Personalmente ricordo due grandi campioni dello sport per me comunque massimo, l’atletica, il marciatore olimpionico e campione mondiale Maurizio Damilano e il mezzofondista campione europeo Franco Arese, entrambi guarda un po’ della grande (in tanti sensi, persino quello geografico) provincia di Cuneo, che per lo sport italiano così come per l’Italia tutta ha fatto e fa sempre ottime belle cose, peraltro con un riserbo, una modestia, una semplicità che fanno ironizzare per invidia sinanco gli altri piemontesi meno chiusi, meno restii a parlare e lasciar parlare bene di se stessi. I due, miei amici persin prima che miei ottimi soggetti di giornalismo ovviamente ammirativo ed elogiativo, amavano (e amano) assai il ciclismo, che incarna ancora un lessico ormai in disuso, tipo umiltà, sacrificio, dovere, fatica e tanti altri scomodi termini. Damilano e Arese, questi fra l’altro industriale brillante nel settore dell’abbigliamento sportivo, mi interrogavano continuamente sul ciclismo e venne il tempo in cui, Arese presidente e Damilano direttore, fecero la squadra professionistica, si chiamava Asics, l’acronimo dei capi che Arese vendeva, capi di matrice giapponese (Asics da “Anima Sana In Corpore Sano”, un detto chissà come passato dal latino di Roma arcaica al dinamismo del paese del Sol Levante).
I due con i loro fratelli anche gemelli fecero la squadra, capitano Bartoli, fra i componenti - rimembro - un Noè che aveva le stimmate del forte scalatore anche se vinceva poco. L’esperimento fu breve, spese alte e allergia di tanti alla gente nuova, ma i due grandi ex dell’atletica e i loro accoliti prevalentemente cuneesi si divertirono assai, e videro messe in strada le loro voglie sportive, le loro simpatie. Entrambi praticanti sport umili, senza sofisticazioni di sorta, erano entusiasti più degli ultimi pedalatori ruspanti che delle biciclette sempre più avveniristiche. A me quei due servono adesso, qui, per mettere per iscritto che sempre, nella mia professione di giornalista sportivo, sono stato felice e anche un po’ fiero di venire interrogato sul ciclismo “mio” da gente importante di altri sport, fra i più assidui Mario Pescante predecessore al Coni di Malagò. Mi chiedevano del ciclismo non come sport membro di una vasta famiglia di discipline, ma come entità speciale, di natura sportivissima si capisce ma diversa, fra l’altro con la proposta di spostamenti grandi con la sola forza antica di quei motori chiamati gambe.

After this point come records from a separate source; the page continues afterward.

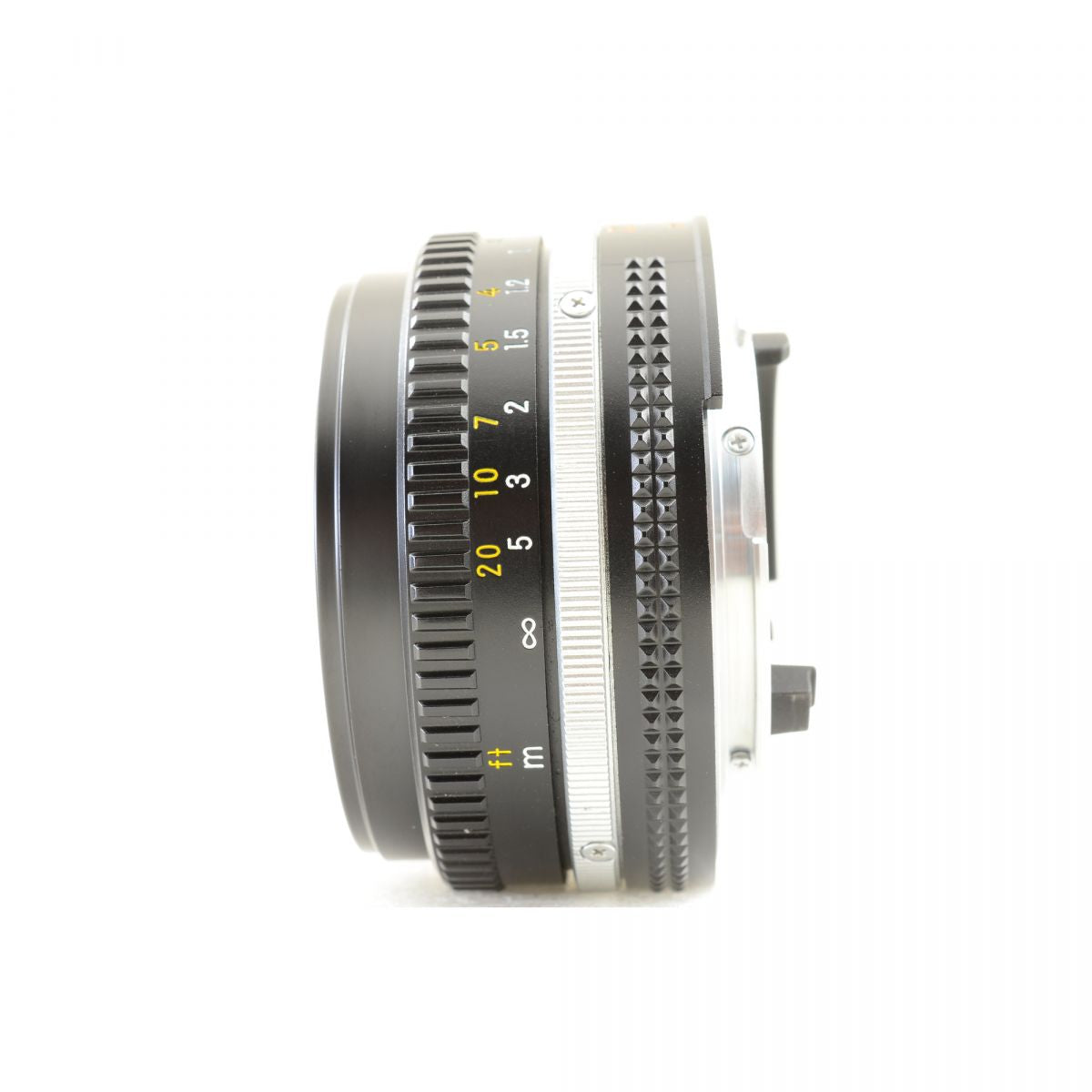 【中古】Nikon Ai-S NIKKOR 50mm F1.8 パンケーキ 単焦点 カメラレンズ 交換レンズ ニコン S/N:4444001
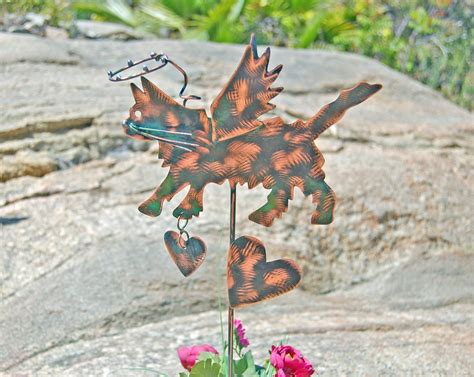 Looking for a wonderful memorial urn for your beloved cat? Kitty Cat Memorial Metal Yard Art Garden Stake / Copper ...
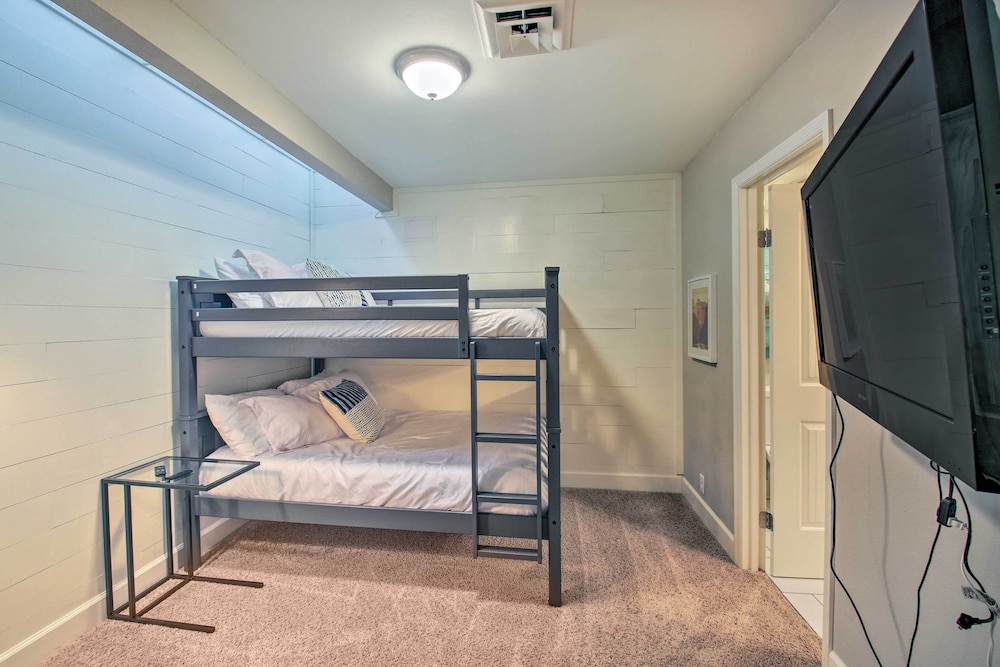 Hot Springs Village Abode w/ Deck, Grill & Sunroom view 3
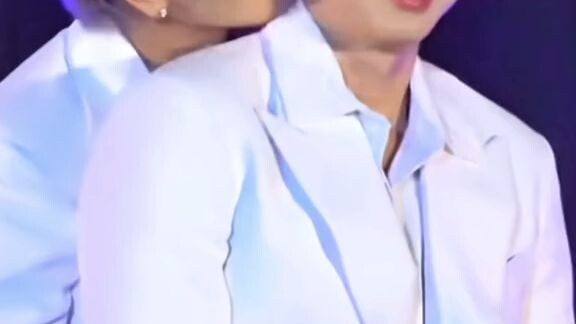 I'm screaming rn 🤭🤭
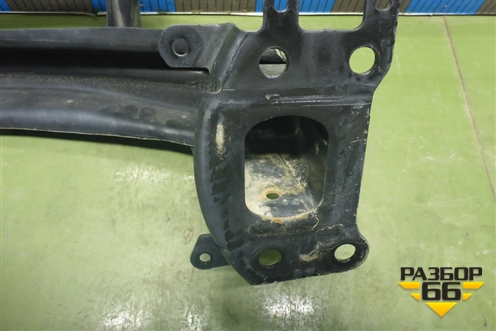 Усилитель переднего бампера (1Z0807111) для Skoda Octavia (А5) с 2004-2013г (Октавия)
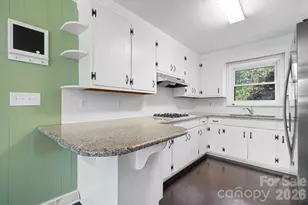 1341 26th St SW, Hickory, NC 28602 - Photo 7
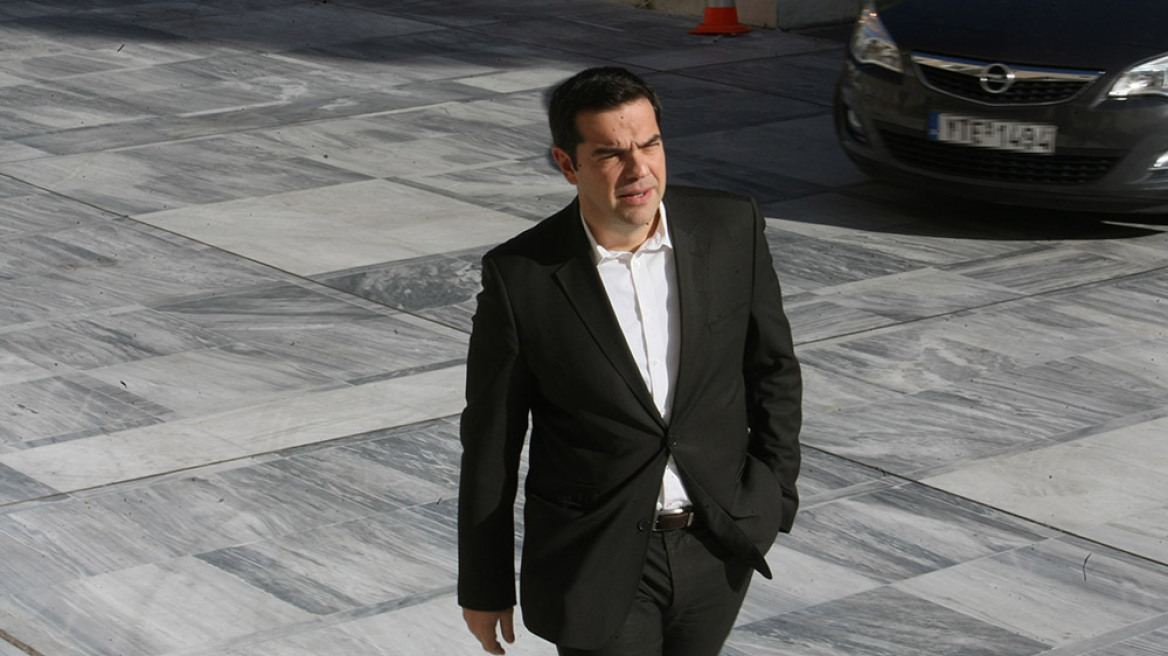 Τσίπρας: Παρελθόν ο Σαμαράς, σε λίγο και τα μνημόνια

Ancora adesso, quando mi vedo con Maurizio o con Franco, loro mi chiedono “come va il ciclismo, come lo vedi?”. Non so bene cosa dire, so che comunque aspettano da me risposte che non so dare, comunque lusingato offro un bla-bla-bla minimo e cerco, svicolando e svincolandomi, di passare a parlare di calcio, dove ogni scemata vale un Perù.